Angola Cables CEO Antonio Nunes, who also sat on the panel, said: “We are developing several projects for Monet that will connect Latam and Brazil to the US, and we expect them to go live at the beginning of next year. They will link South America with north America, but also connect with routes through to Africa.”
Ian Clarke, the VP of global submarine systems for Ciena, warned that due to all of the cables currently in development, Brazil could soon reach saturation, which could have an impact on prices.
“We’ve got the cables coming into the region now, so the next step will be getting the resilience into the infrastructure, getting them into the data centre,” Clarke explained. “There’s a lot of cables coming into Brazil and it is getting near to saturation.”

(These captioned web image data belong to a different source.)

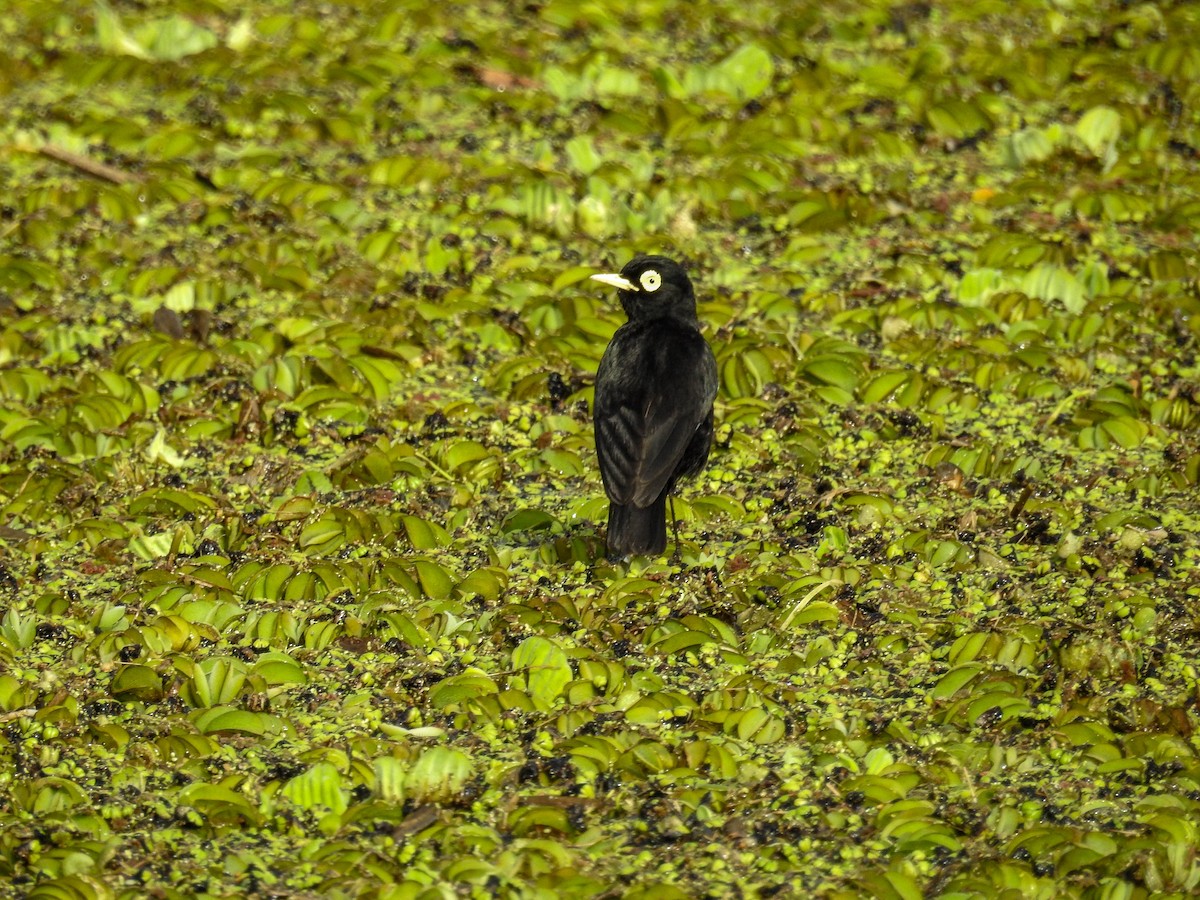 Spectacled Tyrant - ML609951961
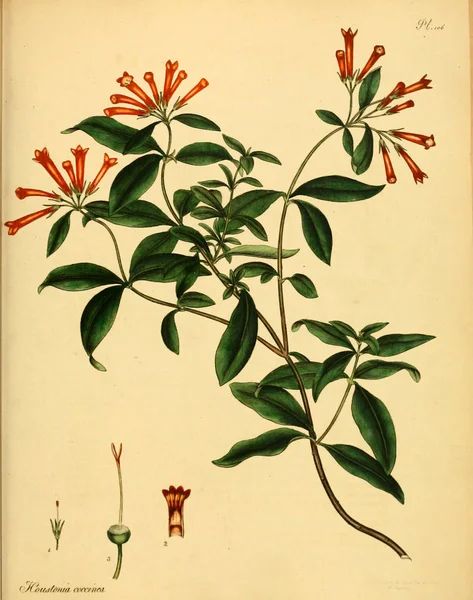 Illustrazione Della Vecchia Immagine Plant Old — Foto Stock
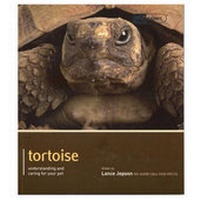 Abbildung von: Tortoise - Pet Expert - Magnet & Steel Publishing Ltd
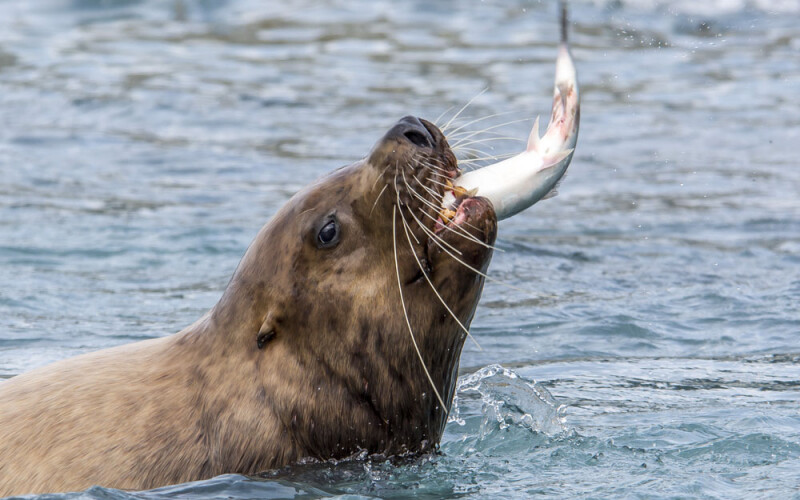sea lion eating salmon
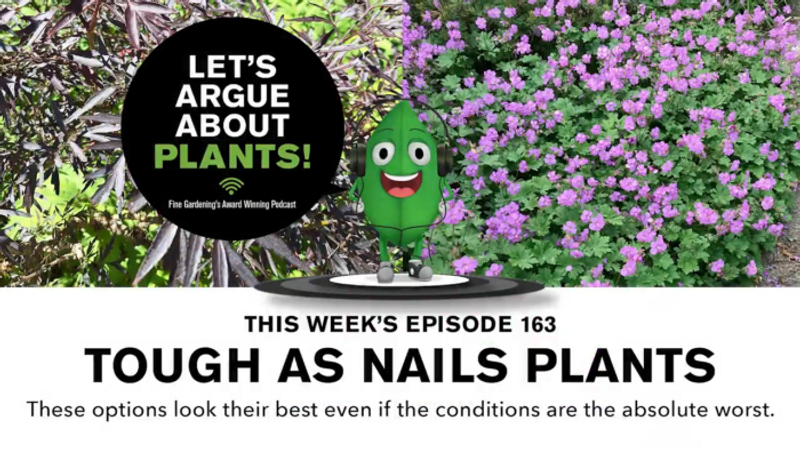 Episode 163: Tough-As-Nails Plants 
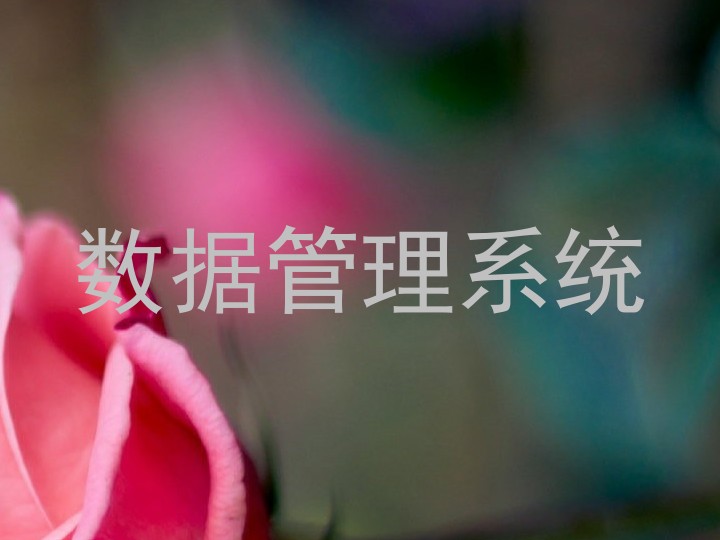 数据管理系统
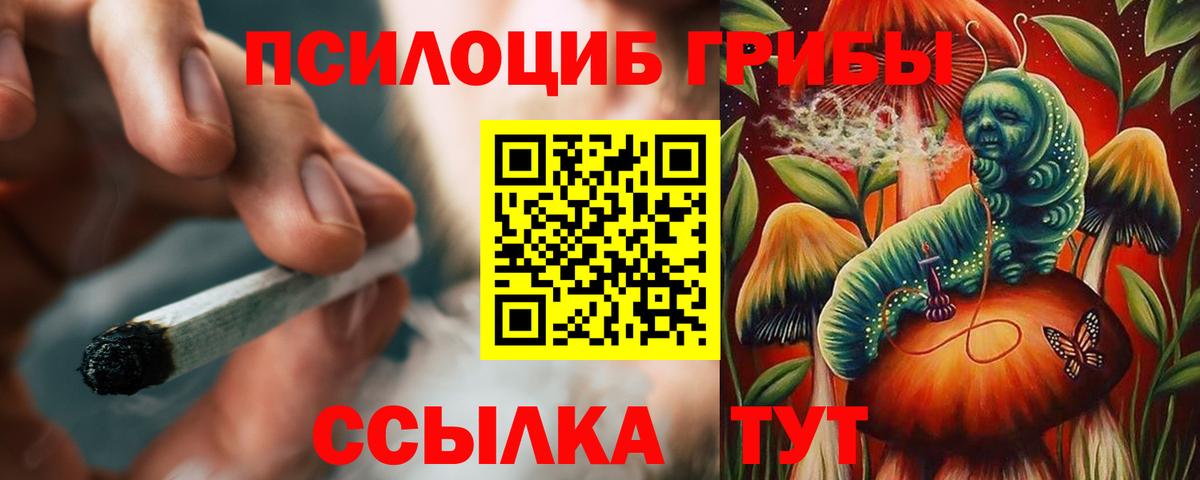 Псилоцибиновые грибы GOLDEN TEACHER  Вход с VPN  Чехов  цены   Галлюциногенные грибы мицелий 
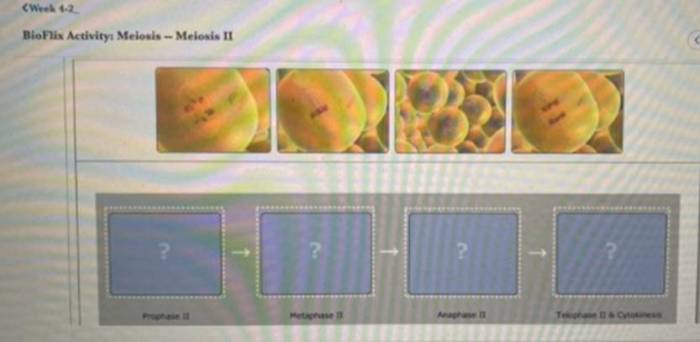 Bioflix activity meiosis comparing mitosis and meiosis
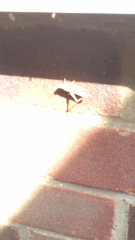 Chorthippus brunneus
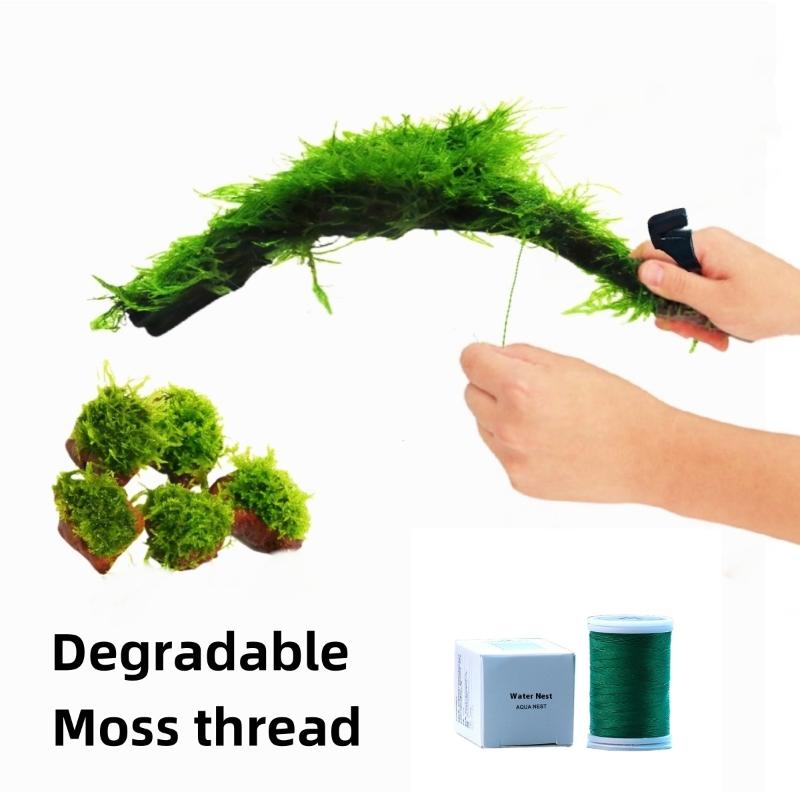 200 متر طبيعي للتحلل الطحلب ال - مراجعة Aquarium Moss وسعره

TI Sparkle’s CEO for the Americas Laurie Bowen admitted this could be the case, but said increasing demand for internet services in the Latin America region, and demand for OTT connectivity as well, meant there is a balance to be struck.
“When we have more competition, prices are impacted,” Bowen added. “So more competition will help bring prices down, but there is a balance between the competitive side of it and getting a return on all the major investments being made in the region. We expect some impact because of saturation, but because of increasing demand, we expect the region will still play a big role.”